* Problem to solve: Give back each entry word for word, but drop the images.

• • • • •

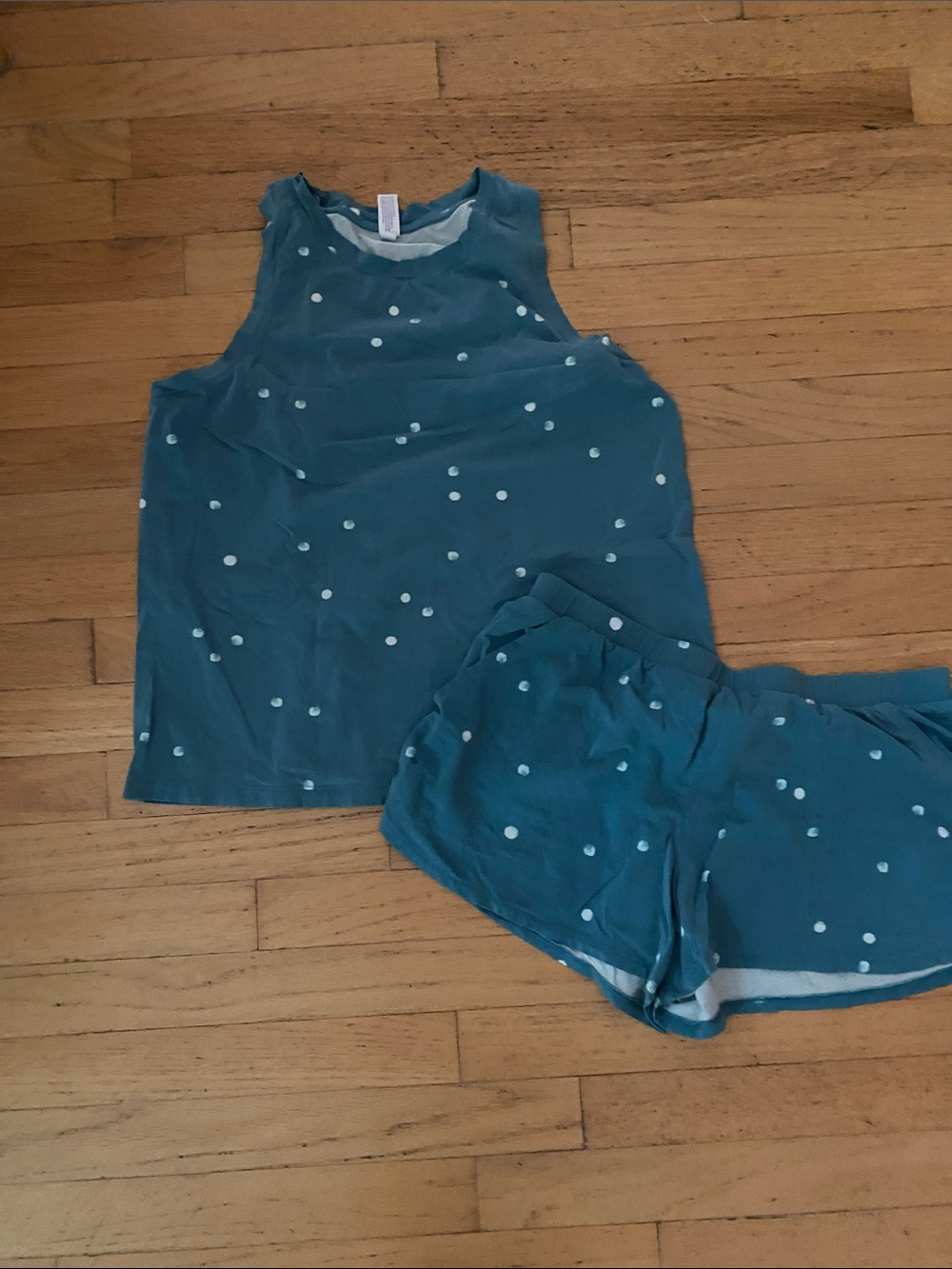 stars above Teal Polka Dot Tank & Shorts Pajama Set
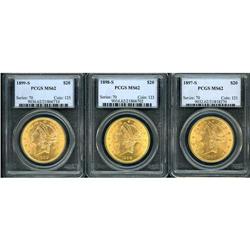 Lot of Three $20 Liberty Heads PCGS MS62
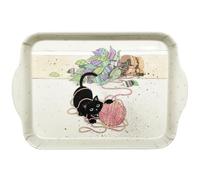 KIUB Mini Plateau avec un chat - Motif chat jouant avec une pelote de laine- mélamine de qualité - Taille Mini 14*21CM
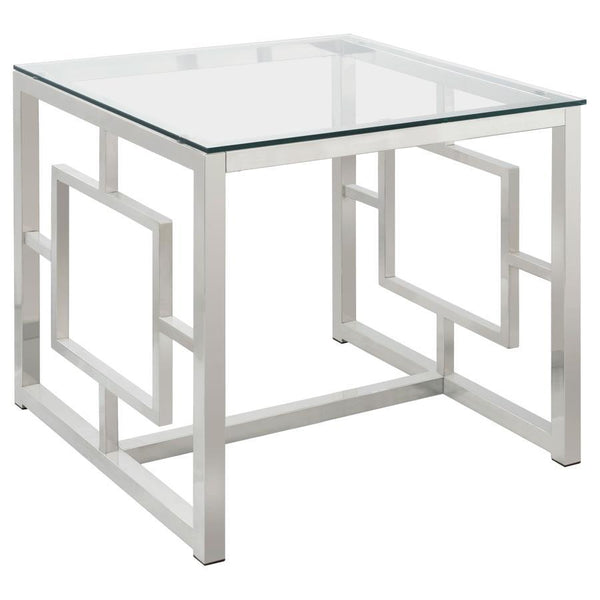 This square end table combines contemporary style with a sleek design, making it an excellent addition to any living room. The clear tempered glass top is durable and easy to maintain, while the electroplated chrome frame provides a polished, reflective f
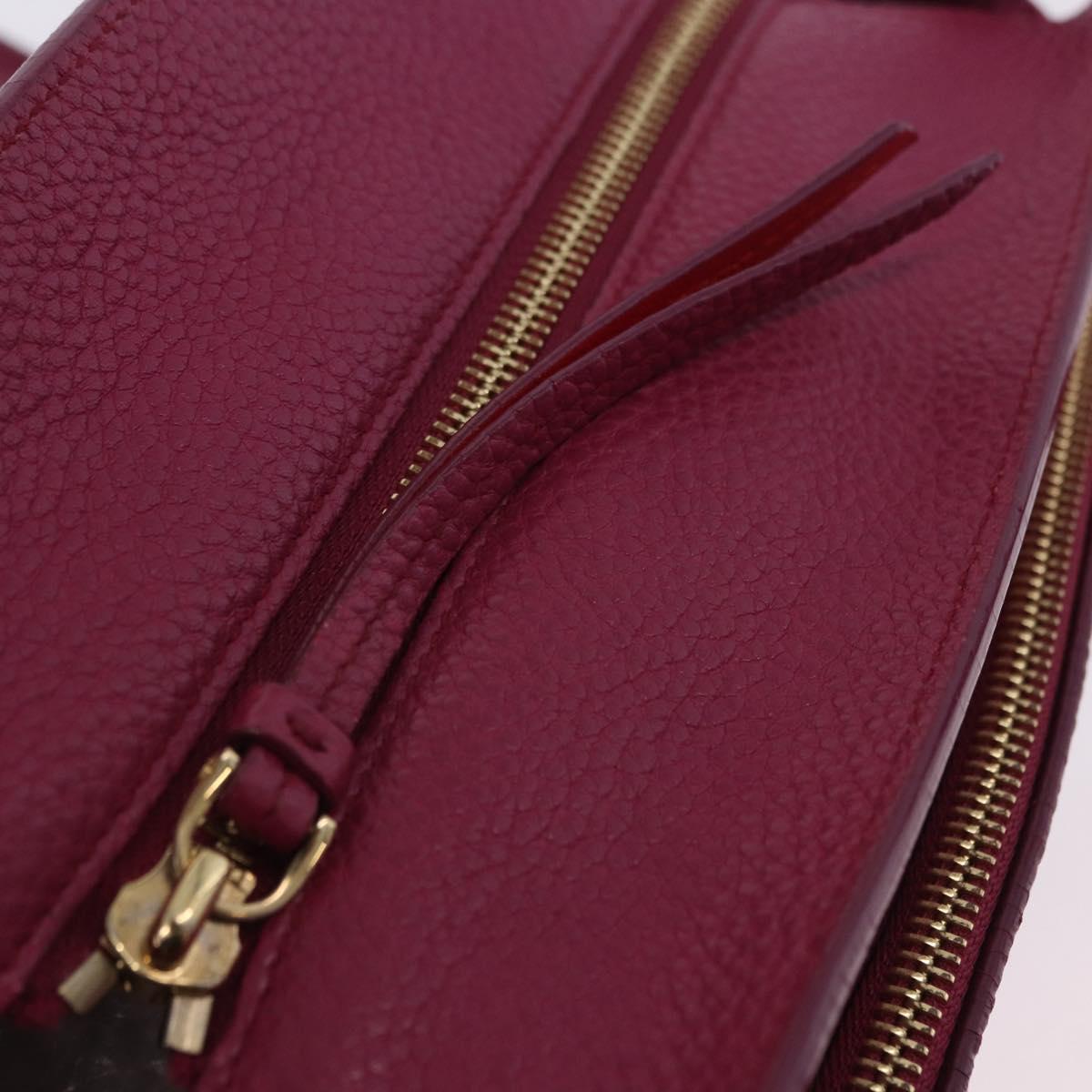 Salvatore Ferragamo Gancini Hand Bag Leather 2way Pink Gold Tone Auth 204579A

• • • • •

* Written response:
 stars above Teal Polka Dot Tank & Shorts Pajama Set
 Lot of Three $20 Liberty Heads PCGS MS62
 KIUB Mini Plateau avec un chat - Motif chat jouant avec une pelote de laine- mélamine de qualité - Taille Mini 14*21CM
 This square end table combines contemporary style with a sleek design, making it an excellent addition to any living room. The clear tempered glass top is durable and easy to maintain, while the electroplated chrome frame provides a polished, reflective f
 Salvatore Ferragamo Gancini Hand Bag Leather 2way Pink Gold Tone Auth 204579A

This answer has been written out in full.